You’ll be surprised at the result. So surprised, in fact, that you will start inking eyeglasses onto photos of your friends and enemies, the better to understand their real characters.
It’s too simple to dismiss the monocle-wearer as a chinless fop or a grouchy old reactionary. Besides, Patrick Moore doesn’t look ridiculous because he’s wearing a monocle, but because he seems to have a weird habit of combing his eyebrow over the top of it. Either that or he goes to bed wearing the thing, which rather misses the point.
The monocle developed from the dandy’s quizzing glass. Looking at someone through a ‘quizzer’ was known as ‘quizzing’, defined rather ably by Thomas Wright in his 1865 Royal Dictionary Cyclopedia of Universal Reference as
The act of mocking by a narrow examination through a quizzing-glass or by pretended seriousness of discourse.
The best quizzer of the lot was Old Q, 4th Duke of Queensberry, seen here “Quiz-zing a Filly” whilst playing with something in his trousers.
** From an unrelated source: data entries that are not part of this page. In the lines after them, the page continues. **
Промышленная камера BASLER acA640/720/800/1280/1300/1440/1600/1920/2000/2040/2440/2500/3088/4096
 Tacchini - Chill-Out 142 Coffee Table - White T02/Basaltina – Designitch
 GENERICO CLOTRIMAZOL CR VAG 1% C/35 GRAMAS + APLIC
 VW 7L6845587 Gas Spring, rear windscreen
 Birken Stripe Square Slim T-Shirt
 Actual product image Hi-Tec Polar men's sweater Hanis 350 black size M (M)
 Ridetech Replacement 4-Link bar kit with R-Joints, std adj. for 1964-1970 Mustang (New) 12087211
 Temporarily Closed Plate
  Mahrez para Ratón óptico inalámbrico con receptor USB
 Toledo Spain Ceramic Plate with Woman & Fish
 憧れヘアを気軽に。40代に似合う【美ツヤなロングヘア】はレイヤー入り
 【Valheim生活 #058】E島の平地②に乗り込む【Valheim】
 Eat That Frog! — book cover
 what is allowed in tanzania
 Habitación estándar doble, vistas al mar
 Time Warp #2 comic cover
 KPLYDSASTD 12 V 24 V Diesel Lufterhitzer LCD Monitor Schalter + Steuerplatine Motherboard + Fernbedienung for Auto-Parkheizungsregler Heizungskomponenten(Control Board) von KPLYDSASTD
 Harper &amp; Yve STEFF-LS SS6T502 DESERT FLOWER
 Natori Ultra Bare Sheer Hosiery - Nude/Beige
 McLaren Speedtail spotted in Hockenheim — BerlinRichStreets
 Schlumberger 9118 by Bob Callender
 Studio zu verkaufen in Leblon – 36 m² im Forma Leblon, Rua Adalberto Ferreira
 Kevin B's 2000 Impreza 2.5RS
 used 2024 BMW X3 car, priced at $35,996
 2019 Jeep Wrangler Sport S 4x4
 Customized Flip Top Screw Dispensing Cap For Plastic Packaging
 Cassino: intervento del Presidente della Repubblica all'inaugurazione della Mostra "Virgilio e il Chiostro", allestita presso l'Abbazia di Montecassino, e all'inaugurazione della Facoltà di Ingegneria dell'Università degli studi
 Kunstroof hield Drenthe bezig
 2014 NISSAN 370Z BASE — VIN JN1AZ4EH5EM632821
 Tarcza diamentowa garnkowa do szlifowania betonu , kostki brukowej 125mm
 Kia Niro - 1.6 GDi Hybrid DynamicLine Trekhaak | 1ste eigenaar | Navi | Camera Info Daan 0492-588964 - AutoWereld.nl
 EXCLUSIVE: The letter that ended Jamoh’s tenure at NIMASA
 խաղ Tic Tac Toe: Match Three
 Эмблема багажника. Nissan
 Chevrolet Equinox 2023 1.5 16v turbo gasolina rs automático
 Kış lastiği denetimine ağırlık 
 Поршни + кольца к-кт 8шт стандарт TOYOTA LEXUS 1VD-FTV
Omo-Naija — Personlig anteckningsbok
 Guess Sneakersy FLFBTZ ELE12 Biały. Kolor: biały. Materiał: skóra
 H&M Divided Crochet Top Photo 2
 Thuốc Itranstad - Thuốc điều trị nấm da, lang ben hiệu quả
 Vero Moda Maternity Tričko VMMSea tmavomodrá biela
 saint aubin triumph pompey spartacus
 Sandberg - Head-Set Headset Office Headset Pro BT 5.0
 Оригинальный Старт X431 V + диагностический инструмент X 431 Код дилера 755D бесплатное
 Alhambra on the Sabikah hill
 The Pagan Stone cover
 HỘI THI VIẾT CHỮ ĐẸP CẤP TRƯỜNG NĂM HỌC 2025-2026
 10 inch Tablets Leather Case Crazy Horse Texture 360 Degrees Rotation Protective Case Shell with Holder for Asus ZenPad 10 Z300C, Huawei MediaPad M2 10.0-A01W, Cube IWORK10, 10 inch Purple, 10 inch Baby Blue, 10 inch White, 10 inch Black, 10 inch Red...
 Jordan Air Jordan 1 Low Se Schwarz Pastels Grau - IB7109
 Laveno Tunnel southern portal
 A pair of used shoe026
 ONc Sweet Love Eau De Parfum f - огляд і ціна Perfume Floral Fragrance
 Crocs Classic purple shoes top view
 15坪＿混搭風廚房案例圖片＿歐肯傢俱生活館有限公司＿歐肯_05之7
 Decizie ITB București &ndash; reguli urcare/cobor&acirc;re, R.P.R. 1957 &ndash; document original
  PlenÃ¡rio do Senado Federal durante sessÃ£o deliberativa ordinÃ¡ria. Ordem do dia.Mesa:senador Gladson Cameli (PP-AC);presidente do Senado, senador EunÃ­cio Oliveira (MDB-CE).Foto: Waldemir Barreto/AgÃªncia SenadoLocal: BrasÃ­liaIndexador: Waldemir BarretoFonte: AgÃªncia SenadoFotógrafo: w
For the quizzing glass or the monocle to work properly, you have to maintain a near-indefinable aura of mockery. That way lies elegance. If you don’t and - worse - you take yourself seriously, the eyeglass becomes a little window through which people stare at you whilst laughing, pointing and (depending on the sort of company you keep) dropping their breeches.
J.A.M. Whistler, above, had no such trouble. If memory serves me well, and the person who told me the story wasn’t lying, Whistler not only had monocle-wearing in his blood, but he used to wear watch-glasses instead of the proper optical instrument. It was even more disconcerting. If you bored the man, he was likely to lift his eyebrow and let the watch-glass smash on the floor. As you stammered, he would nonchalently draw another from his pocket and screw it in his eye socket.
Bravo. Other people didn’t quite understand this incredible finesse, as you can see:
It’s not hard to spot the problem, is it? The fellow took himself far too seriously. As a result, we laugh at him for being the sort of man who owns two copies - but has never read - Marius the Epicurian. We chuckle because we can look through his eyeglass and into his soul, where we learn to our distaste that he clips his toenails every Monday evening before sallying forth to seduce stormtroopers.*
Anyway, he had no excuse. Rupert Ingalese published his Juggling as early as 1921. No monocle wearer from that point on had any excuse not to be adept at the Eyeglass Trick, as here illustrated.
Elegance in its purest form. When done properly, the monocle is stylish, witty, pleasing to the eye, and ever so slightly disarming. And lest anyone thought the prop was the preserve of the gentlemen, here’s one for the ladies:
Incomparable. Screw one in today.
*In-joke. Skip it or ask Dornan for a gloss.